The essence of Stratego is, of course, strategy. As an introduction to those aspects of life that involve the weighing of strategies, the game is excellent. I have always thought chess unsatisfactory in this regard, being devoid of the element of chance. Meritocracy is a very fine thing, but not much of the world is meritocratic, and a child may as well get acquainted with the Fickle Finger of Fate early on in life. In any case, I am a duffer at chess, being too lazy-minded and insufficiently competitive. For a while, in my teens, I gave the game some serious attention, working through championship contests that I found in books or newspapers. Time and again, though, I would have the very disconcerting experience of following the logic of the moves quite happily until, right in the middle of what seemed to me like a promising development — "White resigns." Why had he resigned? I had no clue. White had been looking just fine to me.

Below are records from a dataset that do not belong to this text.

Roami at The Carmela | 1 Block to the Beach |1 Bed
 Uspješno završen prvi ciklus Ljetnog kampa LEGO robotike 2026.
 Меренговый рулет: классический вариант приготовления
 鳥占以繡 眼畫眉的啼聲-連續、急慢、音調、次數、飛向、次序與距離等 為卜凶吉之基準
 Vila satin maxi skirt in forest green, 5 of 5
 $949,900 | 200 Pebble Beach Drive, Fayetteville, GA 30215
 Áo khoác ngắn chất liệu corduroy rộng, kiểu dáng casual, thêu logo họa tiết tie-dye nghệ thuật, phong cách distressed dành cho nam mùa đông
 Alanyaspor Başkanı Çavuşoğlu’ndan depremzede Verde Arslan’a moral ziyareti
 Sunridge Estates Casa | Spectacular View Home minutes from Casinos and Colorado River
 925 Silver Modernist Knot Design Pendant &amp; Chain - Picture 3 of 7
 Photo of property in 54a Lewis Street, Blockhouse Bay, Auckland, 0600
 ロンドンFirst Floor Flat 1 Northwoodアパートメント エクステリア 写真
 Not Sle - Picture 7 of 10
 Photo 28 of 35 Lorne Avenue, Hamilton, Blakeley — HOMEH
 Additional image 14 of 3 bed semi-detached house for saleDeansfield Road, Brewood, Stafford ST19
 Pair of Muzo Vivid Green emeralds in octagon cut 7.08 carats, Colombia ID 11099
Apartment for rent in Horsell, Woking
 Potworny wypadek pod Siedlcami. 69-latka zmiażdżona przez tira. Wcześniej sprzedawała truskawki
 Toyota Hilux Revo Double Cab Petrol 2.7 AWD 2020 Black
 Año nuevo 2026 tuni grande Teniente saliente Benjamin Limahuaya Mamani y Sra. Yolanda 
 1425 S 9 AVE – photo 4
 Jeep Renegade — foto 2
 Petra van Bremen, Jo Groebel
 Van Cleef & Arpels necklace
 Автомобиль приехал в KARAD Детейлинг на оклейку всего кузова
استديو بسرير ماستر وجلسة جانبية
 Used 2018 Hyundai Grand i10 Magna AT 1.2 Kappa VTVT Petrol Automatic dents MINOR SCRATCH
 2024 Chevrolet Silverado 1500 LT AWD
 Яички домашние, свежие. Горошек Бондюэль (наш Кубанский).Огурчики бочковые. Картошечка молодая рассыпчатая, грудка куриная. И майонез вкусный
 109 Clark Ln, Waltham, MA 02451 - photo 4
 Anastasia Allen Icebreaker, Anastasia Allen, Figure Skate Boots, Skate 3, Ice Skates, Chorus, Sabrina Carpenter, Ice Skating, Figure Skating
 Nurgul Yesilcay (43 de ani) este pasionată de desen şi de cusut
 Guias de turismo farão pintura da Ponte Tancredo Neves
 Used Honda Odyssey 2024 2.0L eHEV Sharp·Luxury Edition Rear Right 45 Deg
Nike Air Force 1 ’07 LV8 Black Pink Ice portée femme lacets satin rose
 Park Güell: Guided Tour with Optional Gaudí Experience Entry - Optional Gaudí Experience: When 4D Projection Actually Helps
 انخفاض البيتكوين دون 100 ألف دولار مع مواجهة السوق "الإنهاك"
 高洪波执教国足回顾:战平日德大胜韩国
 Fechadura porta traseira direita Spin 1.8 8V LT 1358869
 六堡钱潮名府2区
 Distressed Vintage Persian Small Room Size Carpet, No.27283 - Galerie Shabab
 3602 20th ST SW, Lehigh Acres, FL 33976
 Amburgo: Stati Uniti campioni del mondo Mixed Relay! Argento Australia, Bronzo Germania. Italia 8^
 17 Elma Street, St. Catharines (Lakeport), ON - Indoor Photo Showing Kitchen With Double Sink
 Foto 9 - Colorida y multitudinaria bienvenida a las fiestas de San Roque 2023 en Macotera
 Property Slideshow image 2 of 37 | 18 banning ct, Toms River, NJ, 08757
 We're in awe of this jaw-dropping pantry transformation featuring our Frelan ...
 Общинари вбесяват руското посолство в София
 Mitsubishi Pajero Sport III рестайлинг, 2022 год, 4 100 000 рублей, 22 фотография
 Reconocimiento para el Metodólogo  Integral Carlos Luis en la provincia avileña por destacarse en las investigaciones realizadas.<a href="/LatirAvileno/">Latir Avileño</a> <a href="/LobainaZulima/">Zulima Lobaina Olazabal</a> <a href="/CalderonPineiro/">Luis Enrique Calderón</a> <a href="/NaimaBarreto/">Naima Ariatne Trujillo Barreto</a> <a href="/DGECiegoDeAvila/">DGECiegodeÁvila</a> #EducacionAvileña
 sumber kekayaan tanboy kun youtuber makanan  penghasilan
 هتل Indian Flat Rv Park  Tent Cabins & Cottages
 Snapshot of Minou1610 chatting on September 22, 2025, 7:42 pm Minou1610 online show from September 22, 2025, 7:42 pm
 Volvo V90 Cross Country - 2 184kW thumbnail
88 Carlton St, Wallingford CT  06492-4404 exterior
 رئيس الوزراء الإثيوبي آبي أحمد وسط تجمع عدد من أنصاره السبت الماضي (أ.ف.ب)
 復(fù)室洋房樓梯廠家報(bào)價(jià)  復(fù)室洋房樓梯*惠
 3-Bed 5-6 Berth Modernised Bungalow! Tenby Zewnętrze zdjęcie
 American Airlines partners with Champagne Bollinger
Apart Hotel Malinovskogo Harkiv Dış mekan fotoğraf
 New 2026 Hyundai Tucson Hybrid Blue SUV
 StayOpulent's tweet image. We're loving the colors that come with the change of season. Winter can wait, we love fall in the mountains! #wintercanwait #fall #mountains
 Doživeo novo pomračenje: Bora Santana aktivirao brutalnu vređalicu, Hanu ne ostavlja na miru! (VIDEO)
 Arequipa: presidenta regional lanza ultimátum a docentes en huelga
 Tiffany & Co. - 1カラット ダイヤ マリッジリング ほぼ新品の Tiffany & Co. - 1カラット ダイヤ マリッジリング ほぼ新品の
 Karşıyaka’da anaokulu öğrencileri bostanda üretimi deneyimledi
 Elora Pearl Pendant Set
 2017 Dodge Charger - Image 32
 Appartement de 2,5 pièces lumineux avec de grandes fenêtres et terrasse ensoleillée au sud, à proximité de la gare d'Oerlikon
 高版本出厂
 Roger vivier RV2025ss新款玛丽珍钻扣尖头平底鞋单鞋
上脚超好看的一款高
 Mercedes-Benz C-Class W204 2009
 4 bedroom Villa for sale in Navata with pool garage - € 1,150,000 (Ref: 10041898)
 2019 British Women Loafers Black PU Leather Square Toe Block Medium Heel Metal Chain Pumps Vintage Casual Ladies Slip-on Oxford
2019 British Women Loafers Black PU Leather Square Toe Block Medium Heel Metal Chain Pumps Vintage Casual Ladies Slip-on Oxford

I left chess for other people to play. I had grasped, in any case, that skill at playing chess correlates with nothing else at all — certainly not with geniality, as is illustrated by the personalities of numerous great chess champions. (Nor even with the ability to design chess-playing computers. Taiwanese genius Feng-hsiung Hsu, co-designer of the "Deep Blue" machine that defeated Gary Kasparov in 1997, confesses wryly in his book Behind Deep Blue that he is himself a mediocre chess player, and that Kasparov gave up trying to talk chess with him after a few minutes "sensing that I was not seeing the game on the same level as he and Deep Blue …")

Perhaps someone has written a computer program to play Stratego. If so, they have broken a butterfly on the wheel. Board games of this kind are, and are meant to be, trivial amusements. Many people find them irksome for just that reason. Researching the life of Calvin Coolidge, I came across a rather staged-looking picture of him playing Parcheesi with Grace and the two boys. I asked John Coolidge whether this had been a thing his father took pleasure in. "Good Lord, no!" was the reply.

I part tastes with the 30th president here. I quite like playing Stratego with my son, watching his developing understanding. He began his Stratego career by being much too cautious, shuffling his pieces back and forth ineffectually while I probed his defenses. Now he has switched to a more reckless style of play, hurling his men against my own ranks like the Light Brigade at Balaclava. This is sometimes successful. (Lord Cardigan, let it be remembered, actually made it to the enemy's guns, and committed mayhem among the Russian artillerymen, and lived to tell the tale.) I suppose that with time my boy will find the correct calibration, the point of balance between prudence and aggression. I hope he will then be wiser in some way, some way that he can apply to his life in the world. It is of course possible that he will merely be better at Stratego.